Having done my fare share of international travel I've learned that it pays to educate yourself about the culture(s) you'll be visiting to have a better understanding of what's acceptable and what's not. While you won't learn it all, it can help immensely to travel armed with this valuable information.

I've compiled a list of 6 different common faux pas to avoid when traveling that everyone should make an effort to learn before leaving home:

· Personal contact – Some cultures are very outgoing and very accepting of personal contact. In Brazil for example, it's common for strangers to hug and even (cheek) kiss when greeting. In other countries though, this type of contact would be considered very formal and completely unacceptable in a first meeting. They would most definitely consider this a cultural faux pas.

Likewise, common gestures such as hand shaking can also be considered a breach of personal space (not all cultures accept this form of greeting) and some societies that do hand shake only accept it a certain way. For instance, in Muslim and Hindu cultures the left hand is considered unclean so handshaking and eating are always done with the right hand. Extending your left hand in greeting would be a major faux pas here.

· Hand gestures – Many of us perform hand gestures without even thinking as they are so common to us in our own culture. When traveling though they are something to pay close attention to and even avoid altogether if you're not sure how they'll be received.

For instance giving the peace sign in the UK with your palm facing the wrong direction (towards you, it should be facing away) would be the equivalent of telling them to f*?$ off. Giving the "OK" sign in Brazil is tantamount to calling someone an a-hole.

· Food – I think I could write an entire article just on food faux pas alone! GeneralChopsticks Faux Pasly these are considered less egregious but there are potentially many. In some cultures placement of eating utensils can have various negative meanings such as leaving chopsticks standing upright in rice (this mimics some funeral rites).

Eating noisily or conversely eating quietly can be considered a compliment or rude depending on where you are - the same with belching during or after a meal. Refusing food or drink from your host could also be considered very rude (regardless of what it is!).

There are so many potential faux pas to avoid when traveling in this category it's one everyone should pay extra attention to!

· Clothes – Some cultures frown upon exposure of cleavage or other body parts (like hair, face, etc.). Other cultures also frown heavily upon anything that is even vaguely see through (for men or women). Tight fitting clothes or clothes that accentuate the body are also unacceptable in other cultures.

In addition, clothing rules that apply to one gender don't necessarily apply to the other so this is another area lack of care and caution could cause a cultural travel faux pas.

· Body language – In various cultures how you carry yourself can also have both positive and negative connotations. Crossing your ankles or legs might be seen as defensive. Lifting your feet off the floor or exposing the soles of your shoes could be considered a major offense.

Blowing your nose in public in some Asian and European countries could be considered very inappropriate as well as keeping your hands off the table when eating (Indonesia).

· Conversation – While most cultures consider it rude to point at someone while talking, speaking loudly, out of turn or even looking someone in the eyes (or not looking!) when speaking could be considered rude.

Cultural faux pas when traveling abroad are going to happen.
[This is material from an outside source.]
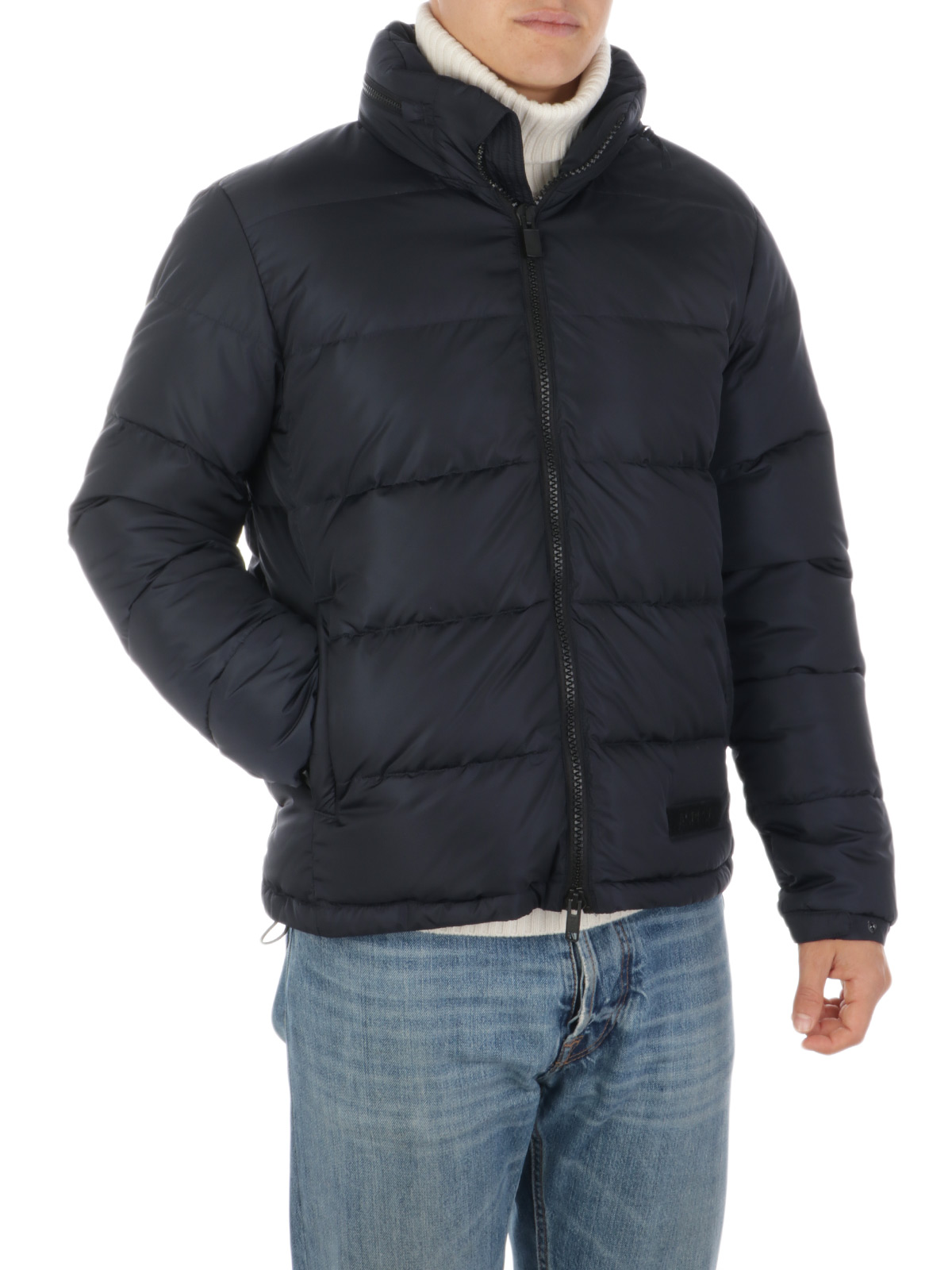 ASPESI Men's Nylon Puffer Jacket Navy | I018V006 | Botta & B Online Store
Generally most cultures will know and understand that your mistakes are not intentional and give you a fair amount of leeway when such indiscretions occur.
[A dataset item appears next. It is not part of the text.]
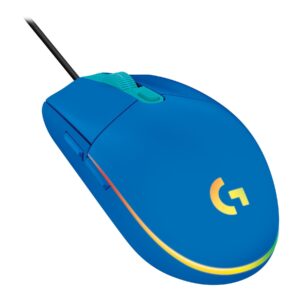 Køb Logitech Gaming Mouse G203 LIGHTSYNC Optisk Kabling Blå online billigt tilbud rabat gaming gamer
It goes a long way though, and is a sign of mutual respect, If you prepare yourself ahead of time and make the sincere effort to avoid such cultural faux pas in the first place. With access to the internet or your local library, major mistakes like those above should be easily avoidable.

If in doubt, simply ask someone in the know (one of the locals)! Most cultures and peoples are more than happy to share their way of life to new comers and in doing so share a part of themselves. Open your mind to the travel experience and how others do things and enjoy, don't rebel at those differences.